■ **Exercise aim**
Going down the data below, set down exactly the line with "Our Next Delivery" and each line after it through the line with "This is going"; no other lines.

■ **Source records**

┄┄┄┄┄┄┄┄┄┄

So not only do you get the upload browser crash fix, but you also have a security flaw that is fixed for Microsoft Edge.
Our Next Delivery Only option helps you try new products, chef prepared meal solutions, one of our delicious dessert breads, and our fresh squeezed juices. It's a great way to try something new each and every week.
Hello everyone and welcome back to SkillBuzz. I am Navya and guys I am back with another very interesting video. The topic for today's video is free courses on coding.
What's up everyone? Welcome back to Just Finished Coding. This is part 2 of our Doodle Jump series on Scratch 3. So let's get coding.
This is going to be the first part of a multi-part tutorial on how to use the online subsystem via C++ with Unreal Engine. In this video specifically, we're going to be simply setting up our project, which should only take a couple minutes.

┄┄┄┄┄┄┄┄┄┄

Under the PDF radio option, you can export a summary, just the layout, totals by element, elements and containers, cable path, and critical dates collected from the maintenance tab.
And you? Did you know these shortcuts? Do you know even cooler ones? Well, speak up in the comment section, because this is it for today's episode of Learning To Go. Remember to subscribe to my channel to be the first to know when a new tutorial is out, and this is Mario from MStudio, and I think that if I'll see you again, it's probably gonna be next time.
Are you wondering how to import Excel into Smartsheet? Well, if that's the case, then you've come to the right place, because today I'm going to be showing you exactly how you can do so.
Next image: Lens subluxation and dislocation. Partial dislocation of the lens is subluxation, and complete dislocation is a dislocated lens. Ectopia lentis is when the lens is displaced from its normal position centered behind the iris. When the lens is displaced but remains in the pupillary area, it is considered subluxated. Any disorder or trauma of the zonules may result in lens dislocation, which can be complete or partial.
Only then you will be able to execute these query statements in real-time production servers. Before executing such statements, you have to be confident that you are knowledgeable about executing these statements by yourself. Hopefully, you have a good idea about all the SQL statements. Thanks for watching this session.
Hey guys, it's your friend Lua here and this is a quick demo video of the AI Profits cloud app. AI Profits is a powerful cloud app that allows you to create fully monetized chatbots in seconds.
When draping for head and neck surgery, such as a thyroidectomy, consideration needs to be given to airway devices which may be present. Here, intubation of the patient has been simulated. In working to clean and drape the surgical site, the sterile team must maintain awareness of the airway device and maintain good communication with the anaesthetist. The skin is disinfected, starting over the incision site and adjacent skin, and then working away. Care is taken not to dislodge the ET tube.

┄┄┄┄┄┄┄┄┄┄

■ **Expected output**
Our Next Delivery Only option helps you try new products, chef prepared meal solutions, one of our delicious dessert breads, and our fresh squeezed juices. It's a great way to try something new each and every week.
Hello everyone and welcome back to SkillBuzz. I am Navya and guys I am back with another very interesting video. The topic for today's video is free courses on coding.
What's up everyone? Welcome back to Just Finished Coding. This is part 2 of our Doodle Jump series on Scratch 3. So let's get coding.
This is going to be the first part of a multi-part tutorial on how to use the online subsystem via C++ with Unreal Engine. In this video specifically, we're going to be simply setting up our project, which should only take a couple minutes.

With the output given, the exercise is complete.